[THE RECORDS Boundary: Start]
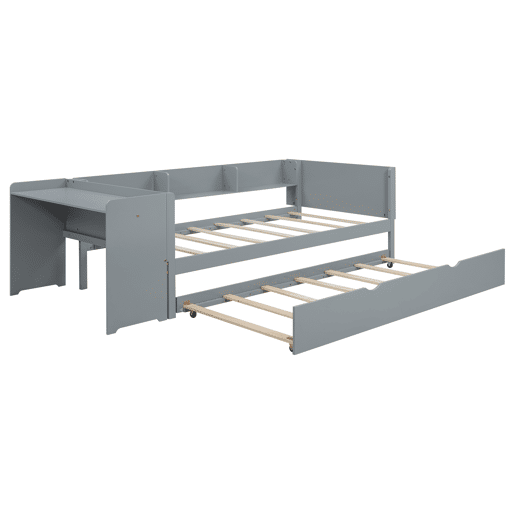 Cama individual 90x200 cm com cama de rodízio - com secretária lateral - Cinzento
[THE RECORDS Boundary: End]
[THE RECORDS Boundary: Start]
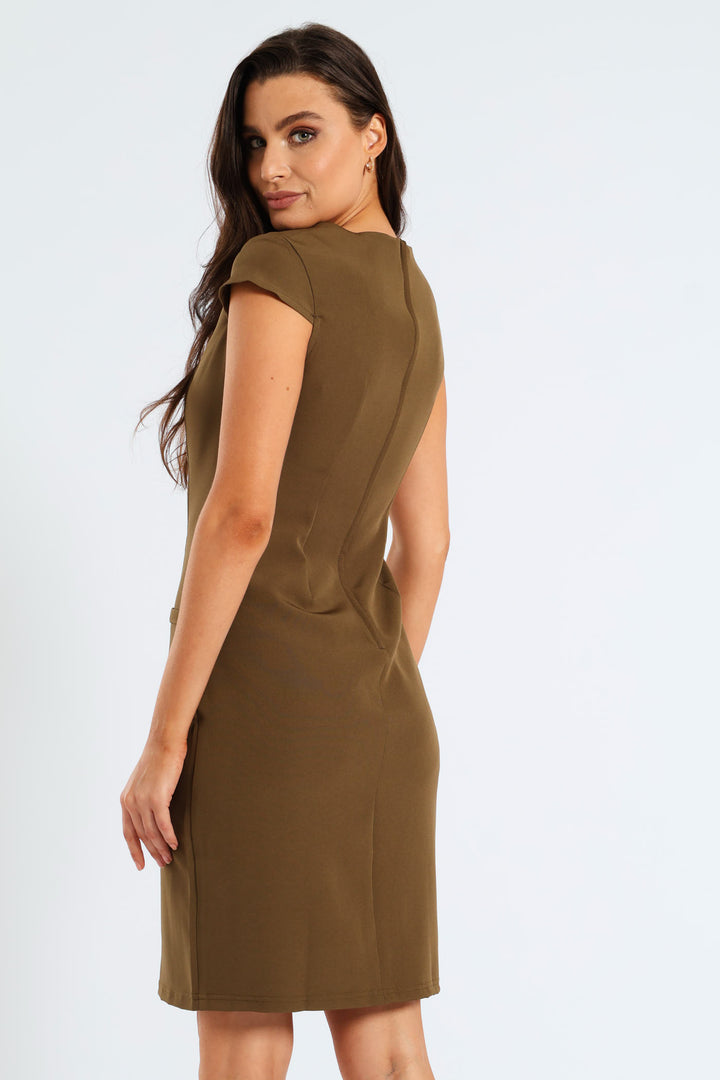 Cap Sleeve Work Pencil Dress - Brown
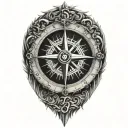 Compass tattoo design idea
[THE RECORDS Boundary: End]
→ ABOUT THIS EXERCISE
Both the line containing "Cap Sleeve Work Pencil Dress - Brown" and the line containing "Compass tattoo design idea" above belong in the output, as do the lines between them. Print them exactly, without pictures.

→ OUTPUT OF THE EXERCISE
 Cap Sleeve Work Pencil Dress - Brown
 Compass tattoo design idea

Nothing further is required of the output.